Instructional Rounds Steps
The value that IR brings to a school, is that it can help identify more clearly a problem of practice in the classroom.  The focus of IR is on the teaching and the task at hand and not the teacher.  By getting focus off of the teacher, and by including teachers in the process, the school can come to a conclusion that is derived from data, instead of opinion.  It is the concept of the task at hand that really appeals to me.  What task are we asking students to do?  At what level of learning do the students complete the tasks?  The answers we found are allowing to focus in on what is really important to us as a school.  It is helping us to understand that there needs to be a level of higher order thought process in our schools.

Common Core (CCSS) is just around the corner and there are a lot of talk surrounding the implementation of CCSS. The more I get to know about CCSS, the more I come to understand that it is ultimately about the tasks that the student will be doing that will require a higher order thinking process.    That students will have to learn to develop critical and creative thinking skills, that they will have to communicate and collaborate with others.  Implementing CCSS, means that teachers will have to change how they teach in their classrooms.  This is a big change for most teachers,  as for the last eight years, most teachers have been told to teach a specific way, when to teach it, and how to evaluate it.  In the race for standardize tests, we have dummied down our students to become recall level thinkers.  We have not prepared them for their own future.

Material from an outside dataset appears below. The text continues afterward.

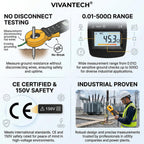 Professional Grade Clamp Ground Resistance Tester, Earth Ground Meter with Current Measurement, Data Storage, Alarm for Power Systems, Telecom and Industrial Use 0.01-500Ω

This is why I believe that IR should be part of any school districts CCSS implementation.  If administrators and teachers do not understand what is happening in the classroom, they will have a harder time implementing the changes that CCSS requires.  We have to be able to evaluate unbiased observable data in the classroom to gauge if any one strategy is working or not.  Change needs to be managed, IR provides a feedback process that is backed by research, and it is the feedback process that is needed to provide for better control over the implementation of change.